Breguet voyait surtout dans son nouveau système de lecture au toucher une vraie alternative aux montres à répétition, complexes et coûteuses à fabriquer, allant jusqu’à utiliser l’expression de « répétition par le tact ». 

A l'origine de la famille

Les montres à tact reprenaient le calibre de souscription qui évoluait légèrement. Dotées d’une aiguille extérieure mobile, ces montres à tact possédaient aussi, pour certaines d’entre elles, un cadran très réduit doté selon les cas d’une ou de deux aiguilles, visible du côté opposé à celui de la flèche extérieure. Et c’est précisément cette disposition qui permet à la fois la lecture conventionnelle de l’heure et une observation du mouvement (celle que Breguet appelait de ses vœux !) que l’on retrouve sur les montres Tradition d’aujourd’hui. 
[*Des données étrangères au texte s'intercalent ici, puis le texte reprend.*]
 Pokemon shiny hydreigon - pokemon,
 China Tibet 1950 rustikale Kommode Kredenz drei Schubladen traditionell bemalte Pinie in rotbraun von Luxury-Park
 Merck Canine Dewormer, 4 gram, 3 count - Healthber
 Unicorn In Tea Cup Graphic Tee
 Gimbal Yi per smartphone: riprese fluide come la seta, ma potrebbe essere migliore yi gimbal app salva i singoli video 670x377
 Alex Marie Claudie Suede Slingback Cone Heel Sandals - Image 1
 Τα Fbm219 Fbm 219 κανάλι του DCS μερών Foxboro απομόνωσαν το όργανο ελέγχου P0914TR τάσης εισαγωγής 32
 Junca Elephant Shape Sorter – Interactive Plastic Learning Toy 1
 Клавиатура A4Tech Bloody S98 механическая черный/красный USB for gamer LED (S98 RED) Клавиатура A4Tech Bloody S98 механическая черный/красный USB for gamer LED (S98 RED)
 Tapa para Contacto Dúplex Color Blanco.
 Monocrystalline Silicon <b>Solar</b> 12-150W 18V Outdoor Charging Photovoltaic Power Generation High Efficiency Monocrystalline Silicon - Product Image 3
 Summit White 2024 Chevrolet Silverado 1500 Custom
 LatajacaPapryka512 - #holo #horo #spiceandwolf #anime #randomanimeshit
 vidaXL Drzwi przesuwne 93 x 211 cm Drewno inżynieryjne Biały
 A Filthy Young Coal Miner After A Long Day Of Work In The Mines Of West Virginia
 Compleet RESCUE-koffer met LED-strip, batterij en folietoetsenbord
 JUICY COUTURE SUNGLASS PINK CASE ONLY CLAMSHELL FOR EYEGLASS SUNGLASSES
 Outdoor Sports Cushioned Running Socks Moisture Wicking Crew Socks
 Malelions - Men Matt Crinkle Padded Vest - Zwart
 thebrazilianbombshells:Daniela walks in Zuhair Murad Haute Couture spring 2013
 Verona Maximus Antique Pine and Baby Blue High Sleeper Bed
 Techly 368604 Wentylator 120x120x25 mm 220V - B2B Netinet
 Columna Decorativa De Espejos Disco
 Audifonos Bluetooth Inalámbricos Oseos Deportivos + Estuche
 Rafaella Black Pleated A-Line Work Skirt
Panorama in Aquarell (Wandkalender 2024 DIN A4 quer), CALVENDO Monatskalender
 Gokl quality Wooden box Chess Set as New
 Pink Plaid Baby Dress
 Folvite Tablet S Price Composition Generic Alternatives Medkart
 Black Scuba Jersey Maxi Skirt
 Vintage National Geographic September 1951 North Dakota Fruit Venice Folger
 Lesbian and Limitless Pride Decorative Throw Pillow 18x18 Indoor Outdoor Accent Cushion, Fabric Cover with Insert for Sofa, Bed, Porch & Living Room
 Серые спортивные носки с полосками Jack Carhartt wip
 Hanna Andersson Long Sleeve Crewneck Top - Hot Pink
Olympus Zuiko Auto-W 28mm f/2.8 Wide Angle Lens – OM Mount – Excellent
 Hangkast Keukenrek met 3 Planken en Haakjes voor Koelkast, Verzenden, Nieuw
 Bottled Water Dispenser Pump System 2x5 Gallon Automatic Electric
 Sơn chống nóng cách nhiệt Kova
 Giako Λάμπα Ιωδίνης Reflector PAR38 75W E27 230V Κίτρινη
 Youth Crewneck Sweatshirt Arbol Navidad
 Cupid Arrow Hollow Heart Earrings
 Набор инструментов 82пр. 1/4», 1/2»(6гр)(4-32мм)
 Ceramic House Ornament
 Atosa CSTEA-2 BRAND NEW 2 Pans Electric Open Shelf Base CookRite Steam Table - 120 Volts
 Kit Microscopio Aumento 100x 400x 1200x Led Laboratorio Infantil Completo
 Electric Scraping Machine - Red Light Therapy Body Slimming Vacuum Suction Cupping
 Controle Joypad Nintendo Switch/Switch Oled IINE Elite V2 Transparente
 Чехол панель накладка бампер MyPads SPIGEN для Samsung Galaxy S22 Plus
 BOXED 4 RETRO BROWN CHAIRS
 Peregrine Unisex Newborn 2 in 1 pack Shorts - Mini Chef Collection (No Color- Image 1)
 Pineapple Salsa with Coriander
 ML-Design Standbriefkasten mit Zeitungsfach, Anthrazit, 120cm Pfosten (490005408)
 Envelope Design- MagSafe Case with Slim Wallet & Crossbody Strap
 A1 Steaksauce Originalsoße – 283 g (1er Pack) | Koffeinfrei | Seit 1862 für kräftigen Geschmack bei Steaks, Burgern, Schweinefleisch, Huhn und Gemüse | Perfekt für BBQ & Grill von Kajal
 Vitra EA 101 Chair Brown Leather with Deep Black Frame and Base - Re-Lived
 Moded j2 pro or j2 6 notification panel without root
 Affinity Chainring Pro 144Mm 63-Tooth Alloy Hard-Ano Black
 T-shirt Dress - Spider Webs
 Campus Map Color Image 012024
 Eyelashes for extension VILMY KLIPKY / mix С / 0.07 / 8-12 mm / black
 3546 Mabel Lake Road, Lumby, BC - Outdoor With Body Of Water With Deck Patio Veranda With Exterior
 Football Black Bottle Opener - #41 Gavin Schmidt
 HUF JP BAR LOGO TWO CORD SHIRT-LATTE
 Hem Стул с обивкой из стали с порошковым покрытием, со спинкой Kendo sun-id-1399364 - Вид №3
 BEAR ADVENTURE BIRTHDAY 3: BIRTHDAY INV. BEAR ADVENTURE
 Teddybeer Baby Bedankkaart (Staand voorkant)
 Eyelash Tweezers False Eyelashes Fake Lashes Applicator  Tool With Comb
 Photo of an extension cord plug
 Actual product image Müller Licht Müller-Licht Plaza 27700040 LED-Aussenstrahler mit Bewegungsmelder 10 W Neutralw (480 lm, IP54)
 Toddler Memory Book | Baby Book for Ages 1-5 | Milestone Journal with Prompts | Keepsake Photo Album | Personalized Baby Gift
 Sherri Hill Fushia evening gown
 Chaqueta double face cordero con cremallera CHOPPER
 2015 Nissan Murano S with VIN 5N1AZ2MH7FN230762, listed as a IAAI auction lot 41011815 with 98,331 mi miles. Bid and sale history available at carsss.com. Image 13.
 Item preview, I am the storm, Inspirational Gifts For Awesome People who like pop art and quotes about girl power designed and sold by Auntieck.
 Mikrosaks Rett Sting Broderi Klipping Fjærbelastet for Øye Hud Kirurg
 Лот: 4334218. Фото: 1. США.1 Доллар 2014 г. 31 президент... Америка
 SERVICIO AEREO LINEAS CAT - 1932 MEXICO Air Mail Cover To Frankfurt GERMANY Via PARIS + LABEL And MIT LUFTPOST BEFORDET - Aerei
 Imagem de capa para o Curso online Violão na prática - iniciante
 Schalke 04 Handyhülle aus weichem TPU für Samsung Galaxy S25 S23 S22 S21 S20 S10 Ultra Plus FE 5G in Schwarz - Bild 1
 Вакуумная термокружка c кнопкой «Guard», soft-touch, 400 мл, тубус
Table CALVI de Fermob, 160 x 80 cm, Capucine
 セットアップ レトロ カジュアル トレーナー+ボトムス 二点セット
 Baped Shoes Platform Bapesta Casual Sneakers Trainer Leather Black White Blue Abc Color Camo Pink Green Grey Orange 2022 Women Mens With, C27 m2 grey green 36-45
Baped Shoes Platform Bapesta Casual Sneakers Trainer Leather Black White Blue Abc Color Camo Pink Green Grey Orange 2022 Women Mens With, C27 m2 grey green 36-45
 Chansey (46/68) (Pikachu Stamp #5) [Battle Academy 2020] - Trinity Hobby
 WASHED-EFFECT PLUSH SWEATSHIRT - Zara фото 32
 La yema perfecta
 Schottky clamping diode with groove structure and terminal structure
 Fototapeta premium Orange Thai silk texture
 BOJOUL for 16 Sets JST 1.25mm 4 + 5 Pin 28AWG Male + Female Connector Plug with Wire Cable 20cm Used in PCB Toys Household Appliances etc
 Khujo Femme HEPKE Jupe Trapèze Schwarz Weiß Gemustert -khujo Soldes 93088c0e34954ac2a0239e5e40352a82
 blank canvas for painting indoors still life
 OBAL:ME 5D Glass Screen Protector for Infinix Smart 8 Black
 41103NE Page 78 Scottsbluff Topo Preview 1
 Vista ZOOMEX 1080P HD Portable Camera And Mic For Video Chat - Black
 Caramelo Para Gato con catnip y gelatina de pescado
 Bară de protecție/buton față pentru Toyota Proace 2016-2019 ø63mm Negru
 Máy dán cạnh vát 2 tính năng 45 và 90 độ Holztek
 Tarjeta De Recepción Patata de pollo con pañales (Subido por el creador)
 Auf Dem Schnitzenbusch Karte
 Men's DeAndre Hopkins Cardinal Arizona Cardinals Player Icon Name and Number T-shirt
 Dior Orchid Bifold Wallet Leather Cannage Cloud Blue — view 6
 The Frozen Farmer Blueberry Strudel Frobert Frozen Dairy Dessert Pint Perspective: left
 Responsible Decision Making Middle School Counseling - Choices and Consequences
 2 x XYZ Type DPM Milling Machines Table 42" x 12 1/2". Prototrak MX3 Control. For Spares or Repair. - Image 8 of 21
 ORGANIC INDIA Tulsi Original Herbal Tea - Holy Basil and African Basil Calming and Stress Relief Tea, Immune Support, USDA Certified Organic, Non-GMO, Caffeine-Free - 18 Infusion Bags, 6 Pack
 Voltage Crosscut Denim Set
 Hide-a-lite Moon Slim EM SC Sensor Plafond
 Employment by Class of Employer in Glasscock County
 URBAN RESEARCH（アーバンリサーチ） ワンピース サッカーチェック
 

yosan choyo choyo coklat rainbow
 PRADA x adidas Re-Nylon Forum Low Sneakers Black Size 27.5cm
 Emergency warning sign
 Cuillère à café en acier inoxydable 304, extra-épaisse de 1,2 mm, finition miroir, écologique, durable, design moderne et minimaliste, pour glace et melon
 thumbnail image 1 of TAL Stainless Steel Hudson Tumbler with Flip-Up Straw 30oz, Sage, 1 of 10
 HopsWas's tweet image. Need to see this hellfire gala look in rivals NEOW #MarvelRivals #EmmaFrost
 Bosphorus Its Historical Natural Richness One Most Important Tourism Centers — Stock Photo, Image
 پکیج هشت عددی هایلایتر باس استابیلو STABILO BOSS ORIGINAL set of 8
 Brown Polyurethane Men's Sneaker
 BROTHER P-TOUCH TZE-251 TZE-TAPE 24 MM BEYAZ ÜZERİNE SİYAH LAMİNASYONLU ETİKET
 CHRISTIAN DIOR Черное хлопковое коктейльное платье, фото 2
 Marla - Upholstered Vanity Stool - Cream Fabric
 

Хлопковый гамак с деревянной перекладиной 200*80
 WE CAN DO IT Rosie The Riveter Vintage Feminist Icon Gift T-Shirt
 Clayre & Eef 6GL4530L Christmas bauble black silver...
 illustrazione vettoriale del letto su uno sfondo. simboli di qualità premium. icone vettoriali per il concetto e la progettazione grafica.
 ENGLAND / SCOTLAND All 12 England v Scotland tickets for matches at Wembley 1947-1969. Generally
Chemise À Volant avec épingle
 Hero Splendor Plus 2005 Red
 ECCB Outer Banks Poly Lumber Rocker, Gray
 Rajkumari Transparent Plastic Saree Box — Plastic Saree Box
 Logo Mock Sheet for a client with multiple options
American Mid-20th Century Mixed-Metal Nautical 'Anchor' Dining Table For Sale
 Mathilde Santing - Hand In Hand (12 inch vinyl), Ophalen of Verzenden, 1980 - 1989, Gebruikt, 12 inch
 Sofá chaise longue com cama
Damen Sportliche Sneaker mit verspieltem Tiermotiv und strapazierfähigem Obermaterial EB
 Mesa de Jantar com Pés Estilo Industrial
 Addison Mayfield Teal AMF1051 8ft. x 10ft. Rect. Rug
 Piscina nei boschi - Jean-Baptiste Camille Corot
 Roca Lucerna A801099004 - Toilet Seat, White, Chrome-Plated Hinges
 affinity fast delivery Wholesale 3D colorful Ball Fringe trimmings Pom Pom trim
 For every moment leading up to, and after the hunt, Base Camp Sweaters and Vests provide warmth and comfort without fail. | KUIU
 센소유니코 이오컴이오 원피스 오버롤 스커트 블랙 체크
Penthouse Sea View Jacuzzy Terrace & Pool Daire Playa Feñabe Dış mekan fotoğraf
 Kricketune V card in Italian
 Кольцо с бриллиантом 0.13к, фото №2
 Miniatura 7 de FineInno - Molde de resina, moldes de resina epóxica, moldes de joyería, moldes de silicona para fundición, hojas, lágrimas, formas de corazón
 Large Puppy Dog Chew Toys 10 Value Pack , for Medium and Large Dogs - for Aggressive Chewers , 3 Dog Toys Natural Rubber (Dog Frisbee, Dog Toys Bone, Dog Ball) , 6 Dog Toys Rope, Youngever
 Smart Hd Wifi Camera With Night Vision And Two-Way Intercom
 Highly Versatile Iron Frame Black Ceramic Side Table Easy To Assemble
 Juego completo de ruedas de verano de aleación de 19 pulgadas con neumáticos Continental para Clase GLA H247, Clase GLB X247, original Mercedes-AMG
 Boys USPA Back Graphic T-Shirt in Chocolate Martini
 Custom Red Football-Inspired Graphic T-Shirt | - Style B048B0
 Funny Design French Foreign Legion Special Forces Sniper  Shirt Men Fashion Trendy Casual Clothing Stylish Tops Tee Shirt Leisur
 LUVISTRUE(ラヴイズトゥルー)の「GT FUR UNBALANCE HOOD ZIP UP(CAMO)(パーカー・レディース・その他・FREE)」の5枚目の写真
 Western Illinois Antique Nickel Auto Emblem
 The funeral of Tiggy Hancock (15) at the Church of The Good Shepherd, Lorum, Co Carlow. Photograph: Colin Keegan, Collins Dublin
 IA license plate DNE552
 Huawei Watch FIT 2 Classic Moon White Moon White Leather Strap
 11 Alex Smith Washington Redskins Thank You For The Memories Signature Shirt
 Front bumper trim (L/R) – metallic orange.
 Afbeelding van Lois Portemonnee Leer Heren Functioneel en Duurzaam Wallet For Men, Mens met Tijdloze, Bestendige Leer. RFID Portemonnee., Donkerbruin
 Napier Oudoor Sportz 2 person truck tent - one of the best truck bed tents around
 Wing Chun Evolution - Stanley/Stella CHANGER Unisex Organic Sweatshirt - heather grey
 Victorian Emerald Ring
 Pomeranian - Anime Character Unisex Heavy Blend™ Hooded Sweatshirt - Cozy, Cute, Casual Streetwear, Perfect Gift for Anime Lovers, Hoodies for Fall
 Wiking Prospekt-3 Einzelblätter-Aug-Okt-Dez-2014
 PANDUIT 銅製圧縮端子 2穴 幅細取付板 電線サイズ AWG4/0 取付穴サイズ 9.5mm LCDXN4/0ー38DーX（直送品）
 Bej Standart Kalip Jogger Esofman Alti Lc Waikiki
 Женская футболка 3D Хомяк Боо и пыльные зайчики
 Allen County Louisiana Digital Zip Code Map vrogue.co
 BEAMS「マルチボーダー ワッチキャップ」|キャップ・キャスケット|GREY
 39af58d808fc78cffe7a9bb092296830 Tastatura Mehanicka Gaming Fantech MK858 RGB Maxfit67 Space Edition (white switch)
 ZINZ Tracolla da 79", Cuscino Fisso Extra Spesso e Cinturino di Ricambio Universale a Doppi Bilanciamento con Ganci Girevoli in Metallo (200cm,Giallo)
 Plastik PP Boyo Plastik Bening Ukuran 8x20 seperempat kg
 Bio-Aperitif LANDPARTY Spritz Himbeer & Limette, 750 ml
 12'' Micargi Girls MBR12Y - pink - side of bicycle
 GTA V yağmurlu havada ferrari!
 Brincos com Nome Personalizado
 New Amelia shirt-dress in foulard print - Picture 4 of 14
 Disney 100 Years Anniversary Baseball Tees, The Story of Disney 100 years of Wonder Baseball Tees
En 2005, en effet, plongeant dans la vaste source d’inspiration que constitue le patrimoine historique de Breguet (archives et pièces anciennes), Nicolas G. Hayek et l’équipe de création ont été convaincus que cette disposition qui permettait de voir du même côté ce que l’on voit habituellement en devant retourner sa montre, saurait séduire les amateurs de mécanique horlogère. Ainsi un calibre contemporain destiné à une montre-bracelet reprendrait la belle disposition du barillet central et de la symétrie des rouages et du balancier conçue plus de deux siècles auparavant par un génial précurseur de la technique autant que du design…

A l'origine de la famille

Au cours de ces dix (premières) années d’existence, la ligne Tradition s’est affirmée grâce à sa forte originalité et s’est étoffée avec différents modèles, simples, à remontage manuel ou à remontage automatique, à double fuseau horaire, à seconde rétrograde, tourbillon à fusée, à chronographe indépendant ou à répétition des minutes… À chaque fois, le fait de contempler sans effort le cadran et les organes vitaux du garde-temps séduit fortement, d’autant plus que la mise en couleur grise ou rose des mouvements conjuguée au noir des cadrans renforcent les contrastes, donnant à l’ensemble une modernité insoupçonnée… 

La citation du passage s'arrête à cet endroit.